Says Gera, "I saw the suggestion of a long skirt cascading from a dancer’s hips and visualized an exciting way to combine polymer clay with fiber and found materials to create an evocative character who is subtly beautiful and unabashedly aloof."
Tennessee’s Jai Johnson has developed an interesting twist on cloisonne which she plans to pursue in 2006. She talks about her plans and has the best pictures on her blog.
Jai first created the setting with genuine gold leaf on the edges. Then she built a network of "cloisons" (cells or compartments) by forming 14K gold filled bezel wire into a pattern for the center of the pendant. Each "cell" was then painted using tinted polymer, filled gradually until she obtained the shading and coloring she wanted, with multiple firings between layers.
These nicely shaped swirls from patsy monk at the Tampa Bay's September meeting caught my eye.
Makes me wanna go Skinner and swirl.
If you're heading south this winter, you might want to check out the Florida calendar of events. Dayle Doroshow will teach Niches, Shrines and Secret Places, a one day workshop, on Wednesday March 15, 2006 in Clearwater Florida. For more info, go to the guild's web site.
Then March 16-19 Dayle presents two workshops at the Florida Tropical Weavers Guild Conference in Leesburg, Florida in March. Ancient Cultures and New Frontiers explore the versatile, exciting, and playful possibilities of polymer clay, as it is used to create artifacts, jewelry, and embellishments. Maggie Maggio will teach Smashing Color Theory for Dyers at the same conference.
I spent a good bit of time over the weekend browsing through the online photo sites, flickr and pbase and such. After slogging through a ton of typical polymer work, I happened on some fresh foreign designs.
I ran a young French designer’s site through Altavista Babelfish for translation. What a hoot that was. Many of Magali Thiébaud’s pieces look like candies. The idiom translations are very rough.
"My jewels point out candies, the chocolate, the liquorice and of other sugar refineries. To carry a Croquezmoicreation jewel is to be beautiful to crunch."
Late at night with a glass of wine it’s a surreal experience. I found some interesting Portugese things too. Nothing like other cultures to shake you out of your own design rut and widen your horizons.
I’ve written to Magali Thiébaud to get details about her work but there’s no response yet. Visit Croquezmoicreation.com.
Her Flickr albums contain her most interesting work. Be warned, it’s easy to get lost in the maze of these monster sites and there’s a lot of stuff to wade through. Let me show you the way. Try this page.

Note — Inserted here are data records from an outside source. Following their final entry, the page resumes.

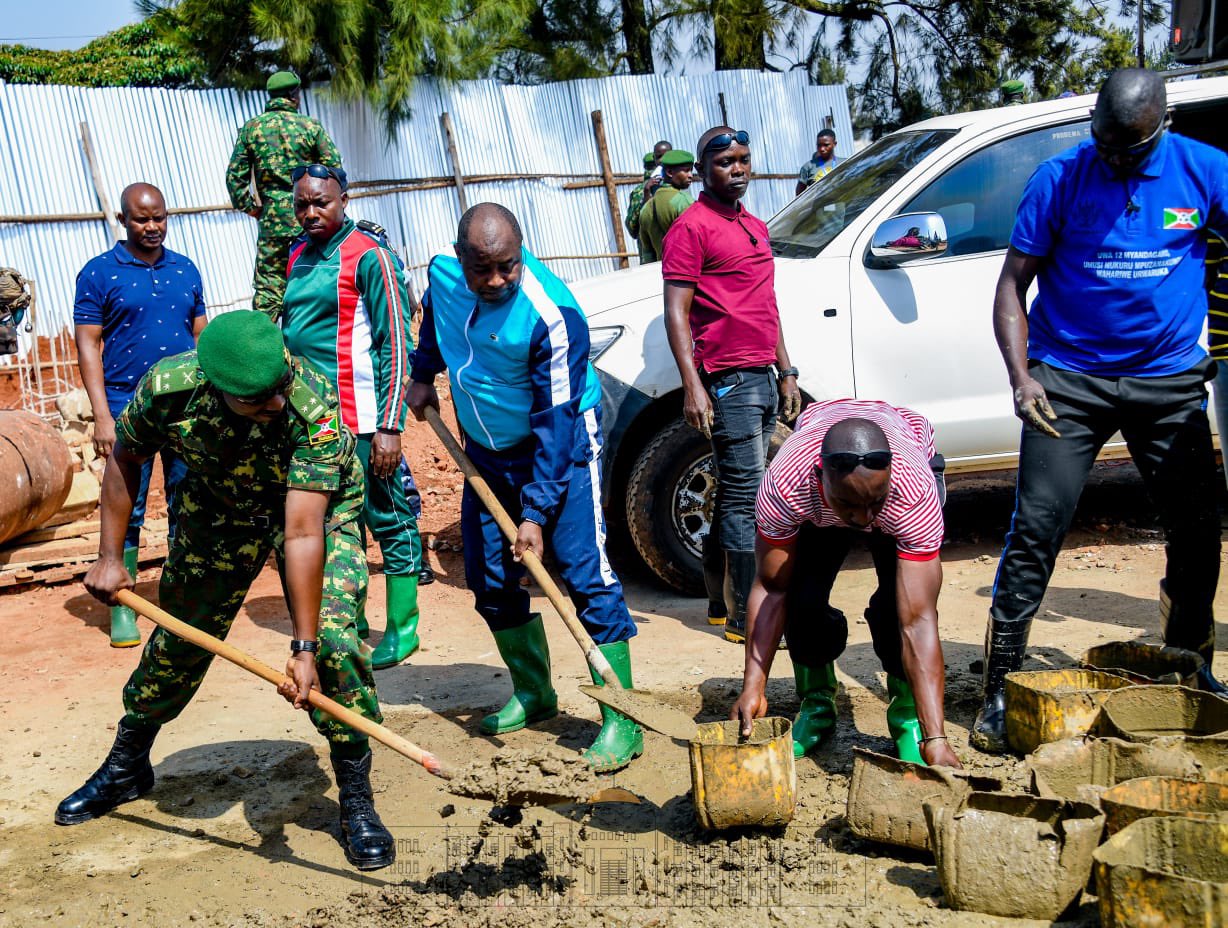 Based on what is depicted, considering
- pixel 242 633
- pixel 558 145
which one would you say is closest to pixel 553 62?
pixel 558 145

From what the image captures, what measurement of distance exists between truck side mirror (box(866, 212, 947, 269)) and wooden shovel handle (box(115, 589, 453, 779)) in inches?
132

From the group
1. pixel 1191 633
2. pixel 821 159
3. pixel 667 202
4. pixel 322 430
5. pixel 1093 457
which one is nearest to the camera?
pixel 322 430

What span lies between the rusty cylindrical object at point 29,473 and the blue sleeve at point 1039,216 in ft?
17.8

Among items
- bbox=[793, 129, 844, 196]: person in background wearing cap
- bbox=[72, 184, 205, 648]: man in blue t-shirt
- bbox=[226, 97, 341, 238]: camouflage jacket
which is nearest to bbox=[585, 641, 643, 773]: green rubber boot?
bbox=[72, 184, 205, 648]: man in blue t-shirt

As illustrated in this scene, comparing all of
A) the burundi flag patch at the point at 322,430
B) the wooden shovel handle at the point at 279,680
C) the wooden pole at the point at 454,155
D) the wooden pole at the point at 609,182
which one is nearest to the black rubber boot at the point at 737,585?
the wooden shovel handle at the point at 279,680

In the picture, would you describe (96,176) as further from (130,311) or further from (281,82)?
(130,311)

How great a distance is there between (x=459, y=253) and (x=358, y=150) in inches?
378

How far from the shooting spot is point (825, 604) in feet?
14.2

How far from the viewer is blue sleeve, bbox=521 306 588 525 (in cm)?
425

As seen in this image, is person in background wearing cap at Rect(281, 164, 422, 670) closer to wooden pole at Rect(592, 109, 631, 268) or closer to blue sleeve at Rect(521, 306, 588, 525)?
blue sleeve at Rect(521, 306, 588, 525)

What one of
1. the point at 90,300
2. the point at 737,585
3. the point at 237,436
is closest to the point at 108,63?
the point at 90,300

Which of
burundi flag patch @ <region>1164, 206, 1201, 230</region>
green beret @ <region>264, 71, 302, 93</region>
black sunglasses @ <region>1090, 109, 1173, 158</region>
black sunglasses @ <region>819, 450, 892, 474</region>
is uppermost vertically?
green beret @ <region>264, 71, 302, 93</region>

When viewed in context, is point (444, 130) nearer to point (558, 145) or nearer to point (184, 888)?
point (558, 145)

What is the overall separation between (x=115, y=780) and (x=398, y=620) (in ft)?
5.54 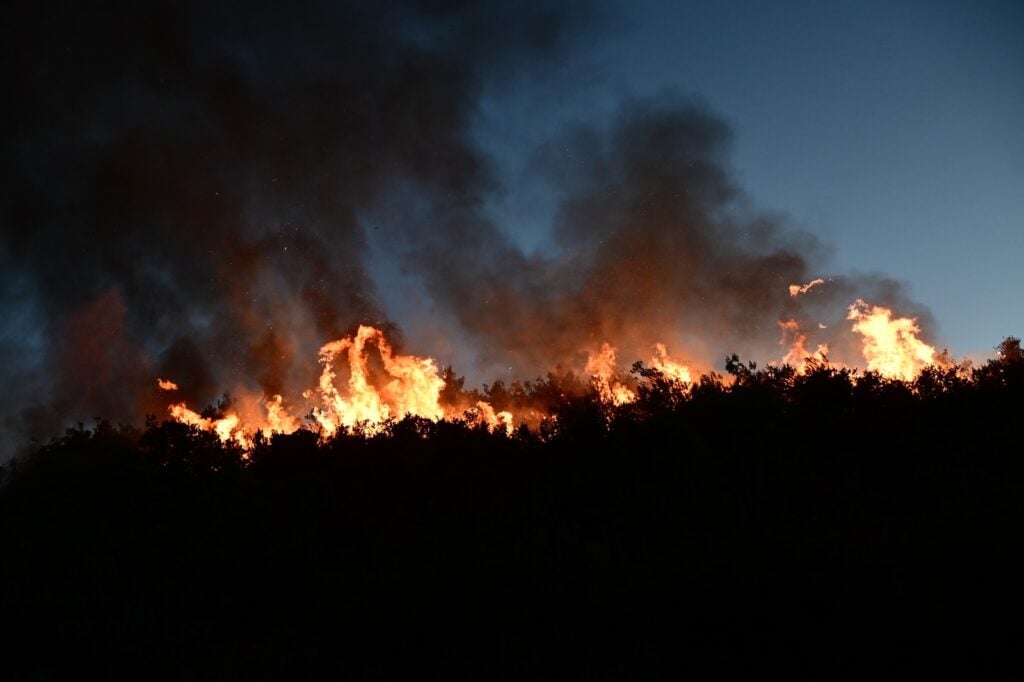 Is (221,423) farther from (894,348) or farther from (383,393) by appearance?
(894,348)

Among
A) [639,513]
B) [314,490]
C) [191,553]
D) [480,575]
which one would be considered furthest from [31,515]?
[639,513]

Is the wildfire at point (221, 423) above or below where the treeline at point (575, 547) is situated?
above

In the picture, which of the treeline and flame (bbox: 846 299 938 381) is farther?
flame (bbox: 846 299 938 381)

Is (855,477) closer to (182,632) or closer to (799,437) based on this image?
(799,437)

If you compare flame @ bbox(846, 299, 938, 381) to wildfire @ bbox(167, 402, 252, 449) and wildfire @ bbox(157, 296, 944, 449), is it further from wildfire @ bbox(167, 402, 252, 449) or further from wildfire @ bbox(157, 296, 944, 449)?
wildfire @ bbox(167, 402, 252, 449)

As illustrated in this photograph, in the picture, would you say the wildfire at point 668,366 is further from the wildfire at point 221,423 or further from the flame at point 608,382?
the wildfire at point 221,423

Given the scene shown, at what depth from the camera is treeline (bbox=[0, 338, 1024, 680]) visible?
18.0 feet

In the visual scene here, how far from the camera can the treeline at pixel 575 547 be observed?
18.0 feet

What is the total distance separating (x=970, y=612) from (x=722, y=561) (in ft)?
7.02

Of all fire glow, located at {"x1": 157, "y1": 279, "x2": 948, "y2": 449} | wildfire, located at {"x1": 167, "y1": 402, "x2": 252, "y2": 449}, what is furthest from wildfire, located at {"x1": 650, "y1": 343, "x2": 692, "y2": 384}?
wildfire, located at {"x1": 167, "y1": 402, "x2": 252, "y2": 449}

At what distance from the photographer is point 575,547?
299 inches

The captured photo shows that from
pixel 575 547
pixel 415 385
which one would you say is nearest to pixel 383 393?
pixel 415 385

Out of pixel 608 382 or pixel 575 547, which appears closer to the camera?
pixel 575 547

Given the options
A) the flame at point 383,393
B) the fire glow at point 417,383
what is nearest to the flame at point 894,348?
the fire glow at point 417,383
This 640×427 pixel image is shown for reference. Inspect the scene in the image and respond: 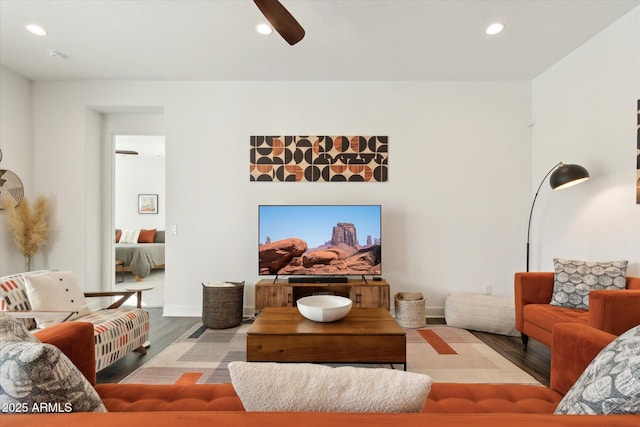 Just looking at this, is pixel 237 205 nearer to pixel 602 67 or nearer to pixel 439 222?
pixel 439 222

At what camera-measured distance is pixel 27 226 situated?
3.55 m

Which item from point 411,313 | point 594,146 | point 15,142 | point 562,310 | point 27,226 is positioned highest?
point 15,142

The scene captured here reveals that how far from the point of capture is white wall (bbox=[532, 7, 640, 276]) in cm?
260

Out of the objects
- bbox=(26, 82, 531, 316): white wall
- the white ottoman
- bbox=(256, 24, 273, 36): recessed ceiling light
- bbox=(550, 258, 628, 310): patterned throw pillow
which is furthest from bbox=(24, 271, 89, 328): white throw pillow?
bbox=(550, 258, 628, 310): patterned throw pillow

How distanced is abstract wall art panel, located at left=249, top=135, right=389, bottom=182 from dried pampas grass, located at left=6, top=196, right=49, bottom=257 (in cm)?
240

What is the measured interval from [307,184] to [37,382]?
3160 millimetres

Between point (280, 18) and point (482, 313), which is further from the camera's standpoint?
point (482, 313)

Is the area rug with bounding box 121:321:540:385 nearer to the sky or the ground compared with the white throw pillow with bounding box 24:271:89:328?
nearer to the ground

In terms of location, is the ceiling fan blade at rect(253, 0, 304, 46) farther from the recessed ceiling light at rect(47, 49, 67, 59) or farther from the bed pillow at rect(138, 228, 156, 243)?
the bed pillow at rect(138, 228, 156, 243)

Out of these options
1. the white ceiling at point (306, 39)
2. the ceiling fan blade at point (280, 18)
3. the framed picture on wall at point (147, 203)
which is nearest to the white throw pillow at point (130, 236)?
the framed picture on wall at point (147, 203)

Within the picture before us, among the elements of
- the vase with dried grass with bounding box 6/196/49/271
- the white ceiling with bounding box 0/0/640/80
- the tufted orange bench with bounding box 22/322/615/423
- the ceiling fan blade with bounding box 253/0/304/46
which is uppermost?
the white ceiling with bounding box 0/0/640/80

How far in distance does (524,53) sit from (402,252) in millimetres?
2385

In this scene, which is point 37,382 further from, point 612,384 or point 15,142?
point 15,142

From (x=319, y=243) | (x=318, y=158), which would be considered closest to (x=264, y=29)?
(x=318, y=158) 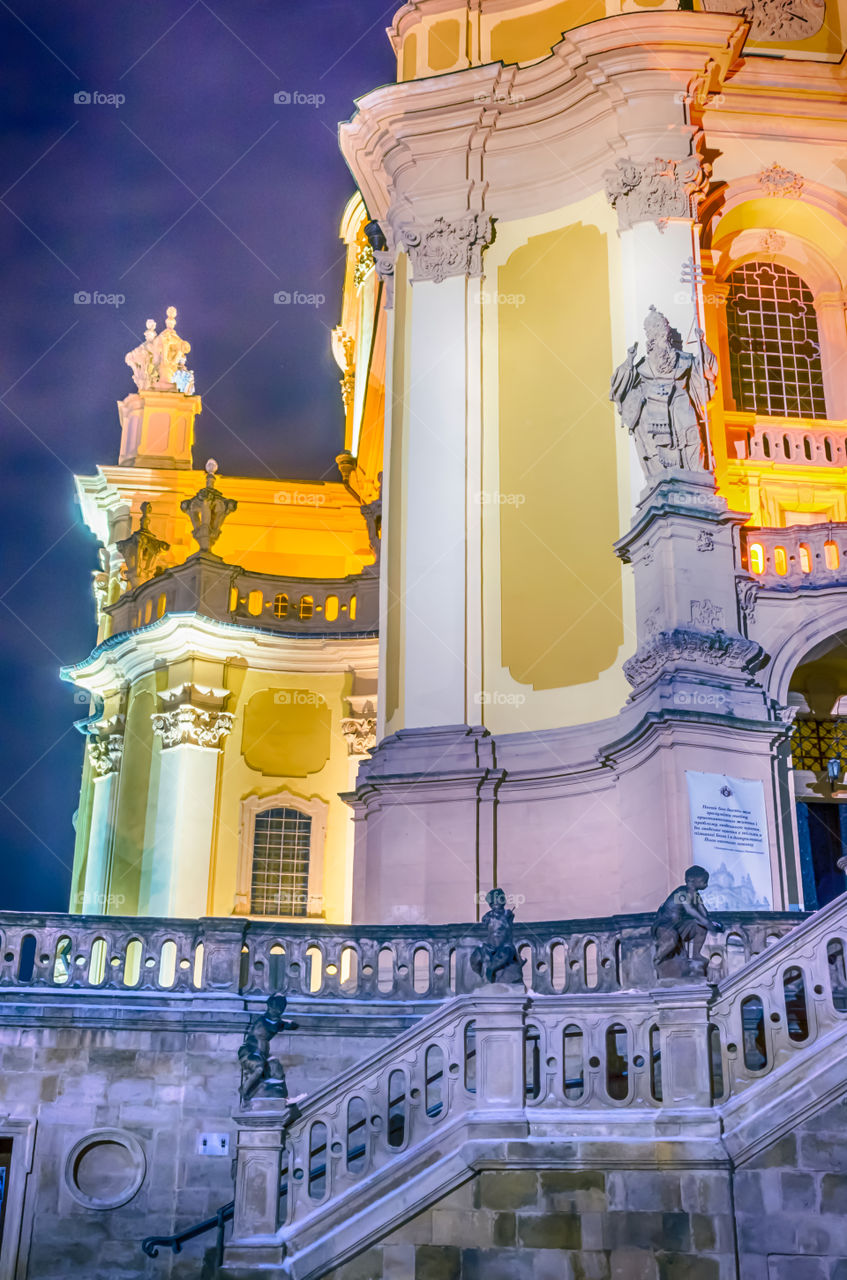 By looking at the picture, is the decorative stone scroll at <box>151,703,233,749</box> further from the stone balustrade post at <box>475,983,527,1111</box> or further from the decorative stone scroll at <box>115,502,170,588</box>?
the stone balustrade post at <box>475,983,527,1111</box>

Primitive and pretty. Primitive and pink. Ronna Weltman has taken a new tack. (Her new photos might not have gotten posted on her site yet.) This light delicate look is a nice departure from the heavier designs we’re used to in polymer work.
I guess I’m already in the mood for spring.
Judy Belcher’s new book arrived from Amazon yesterday. I’ll feature a few things to entice you in the coming days. It’s filled with pictures that will inspire you. I’m sure the text is informative too but like most of you, I’m hung up on the photos.
Found these pictures from the workshops of Dan Cormier and Tracy Holmes on the Northwest Polymer Clay Guild site. The guild reports that, "Dan debuted a new system for creating patterns in polymer clay. After four years of experimenting, Dan shared his latest breakthroughs in surface and veneer design. Simple two-toned canes became the source for an endless collection of intricate patterns, all without any cane reduction. We also explored "Mokume Dan-eh."
Judy Kuskin sent me this link to Jeffrey Dever. I wasn’t familiar with his work and was bowled over. Talk about ombre!
Jeffrey is featured in November in the Function+Art Gallery in Chicago. The gallery newsletter says, "His highly organic approach and bright polychrome palette combine for animated yet elegant brooches, pins and necklaces." They showed his work at October’s SOFA.
Thanks so much for the tip, Judy. If you find an exciting link, please send it along!
Who better than Judith Skinner, mother of the Skinner Blend, to design this great necklace whose color gradually grows darker? She donated the item to the Pingree silent auction. Judith has a new website you might want to visit.
This triangle of Skinner blend folded over onto itself to form a bead is a pretty clever twist on her theme as well.